▸ **Supplied entries**:

• • • • •

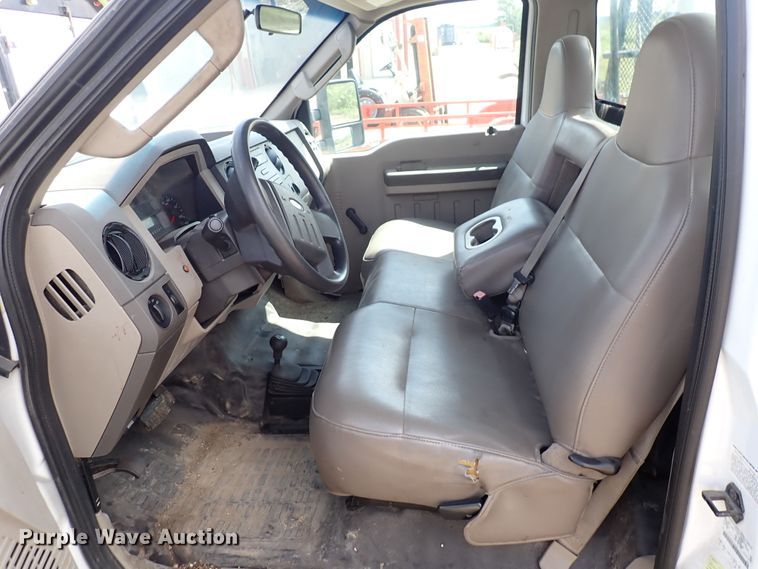 image for item DM5005 2008 Ford F550  flatbed truck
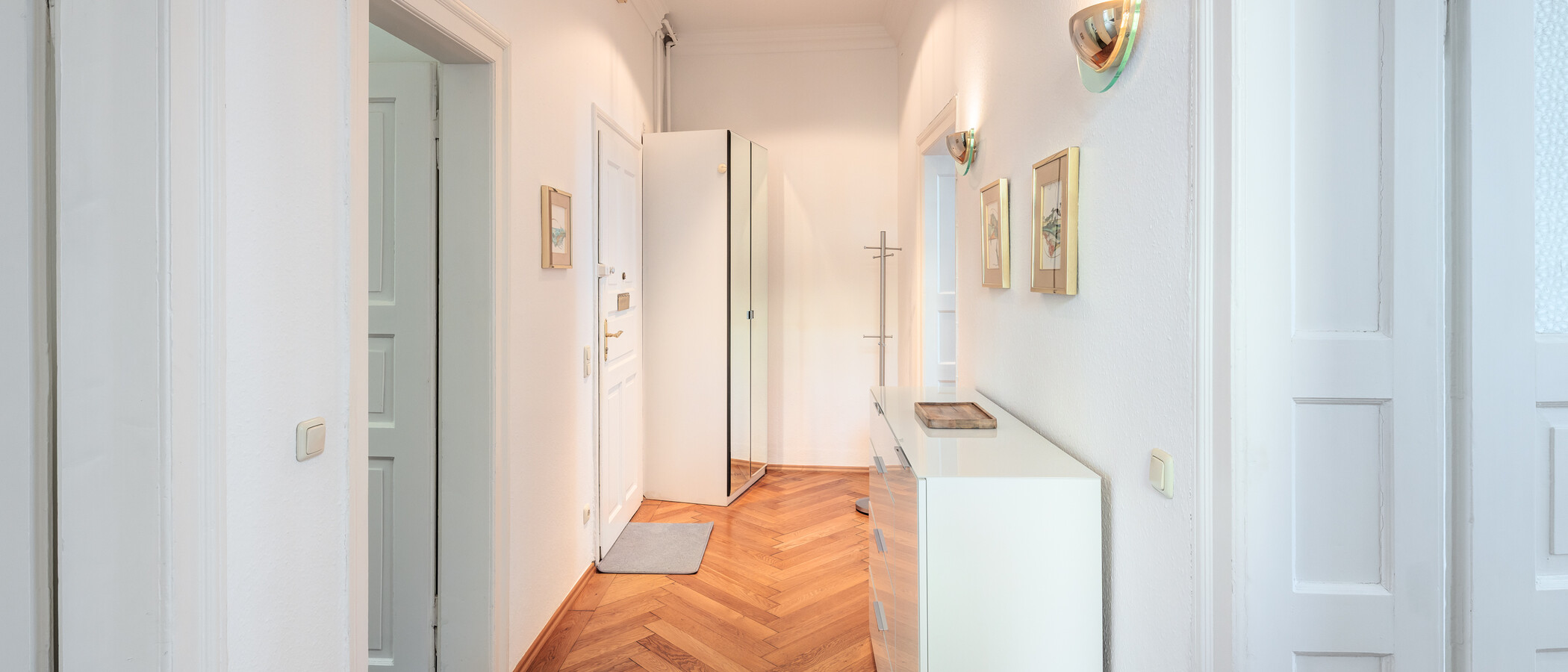 квартира München Schwabing (rechts der Leopoldstraße) 02 коридор 319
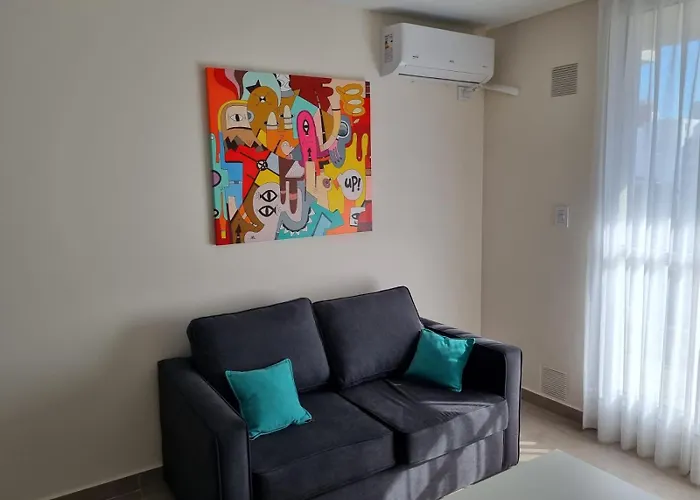 Nuevo, Bellisimo, Confort Y Muy Amplio - 2 Dormitorios, Uno En Suite - 2 Banos Y Pileta !!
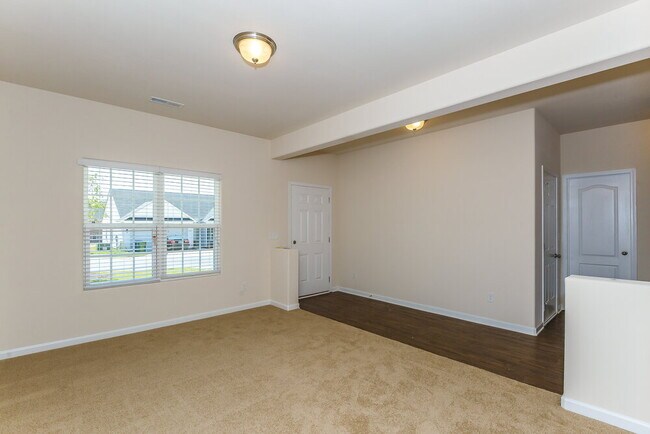 Building Photo - 1521 Waylon Ave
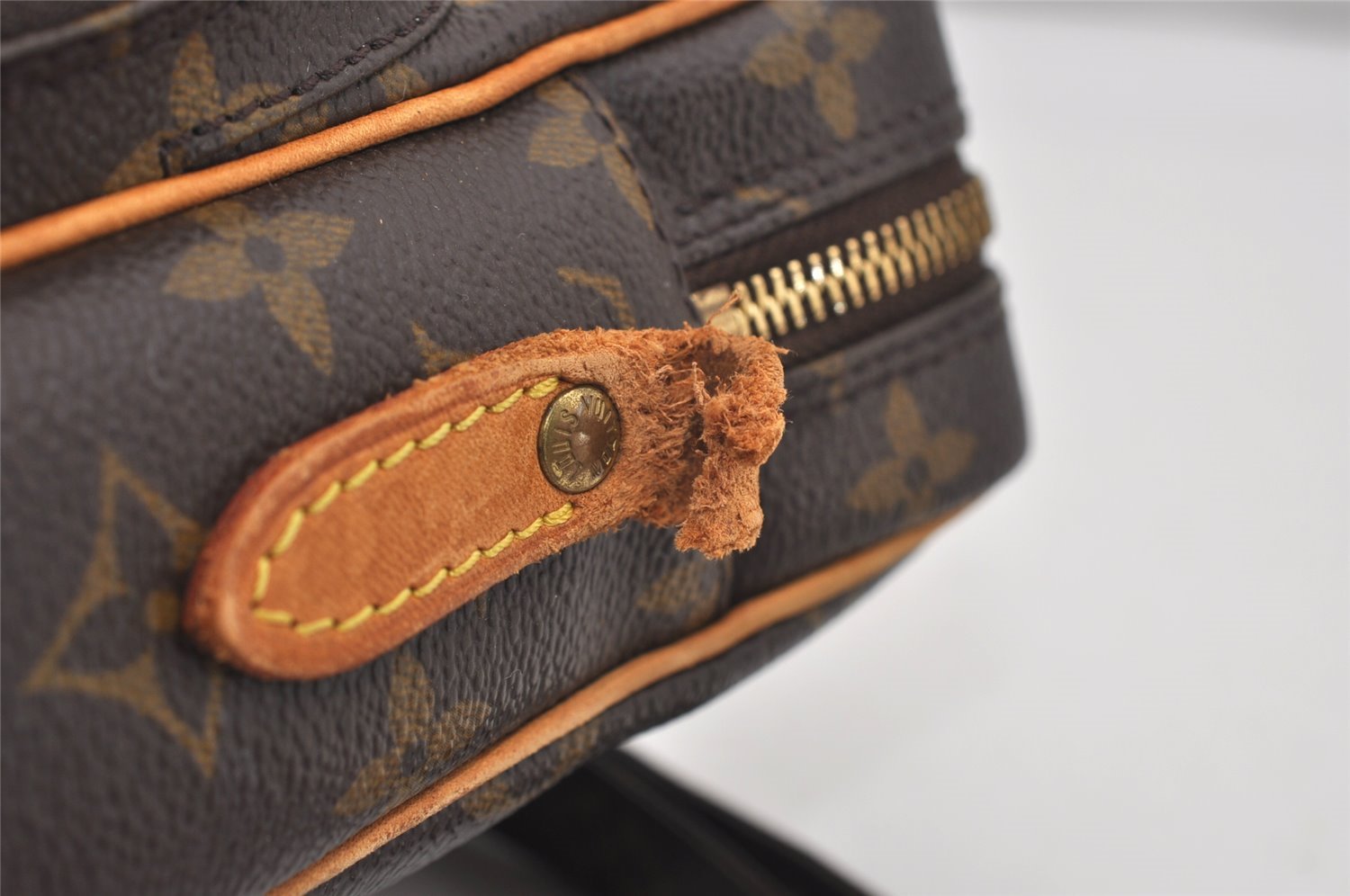 Authentic Louis Vuitton Monogram Amazone Shoulder Cross Bag M45236 Junk 9807I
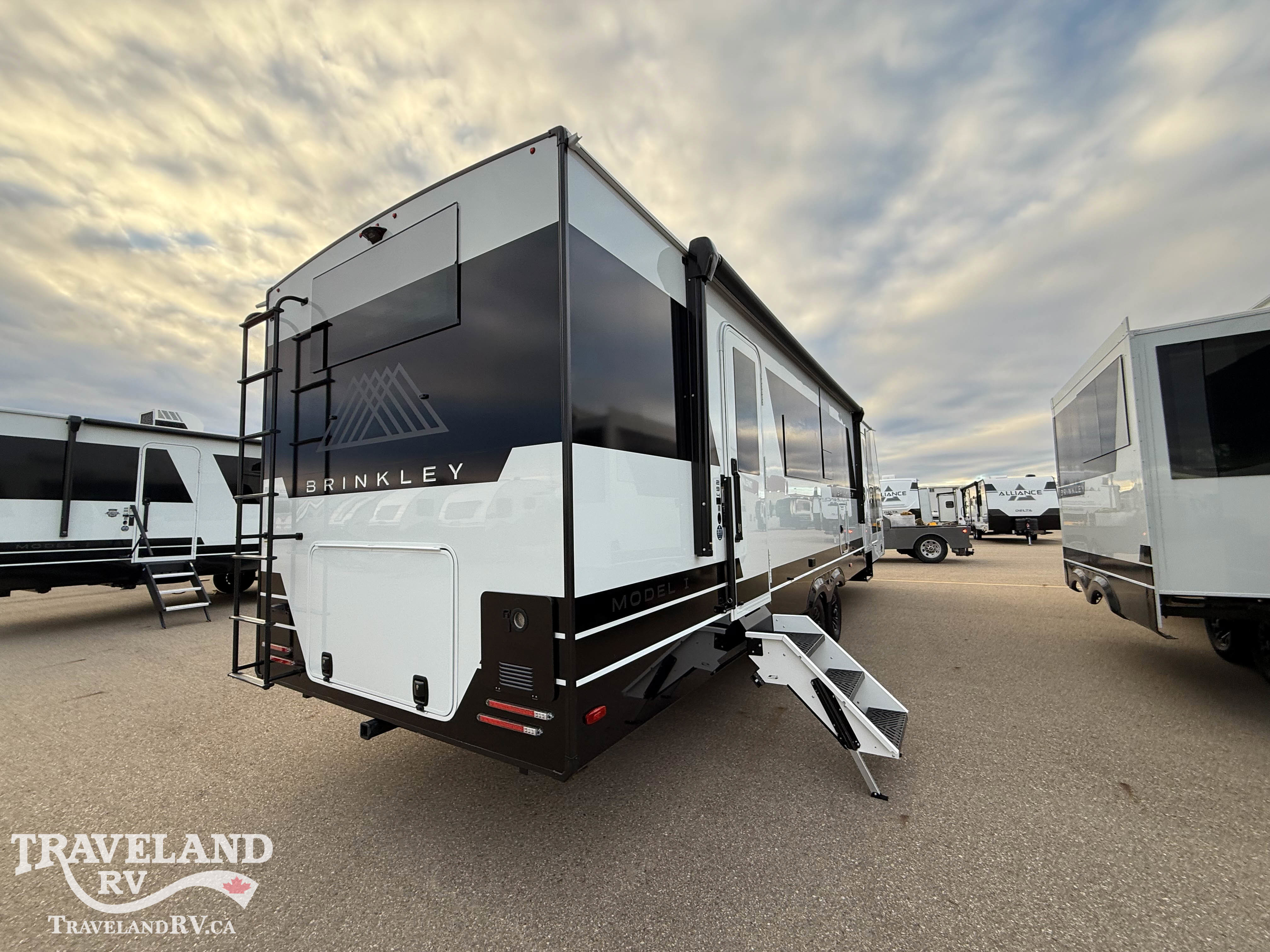 2026 Brinkley RV Model I 294 - Image 7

• • • • •

▸ **Assignment**: Each record above is to be copied exactly. Drop the pictures.

▸ **Solution below**:
 image for item DM5005 2008 Ford F550  flatbed truck
 квартира München Schwabing (rechts der Leopoldstraße) 02 коридор 319
 Nuevo, Bellisimo, Confort Y Muy Amplio - 2 Dormitorios, Uno En Suite - 2 Banos Y Pileta !!
 Building Photo - 1521 Waylon Ave
 Authentic Louis Vuitton Monogram Amazone Shoulder Cross Bag M45236 Junk 9807I
 2026 Brinkley RV Model I 294 - Image 7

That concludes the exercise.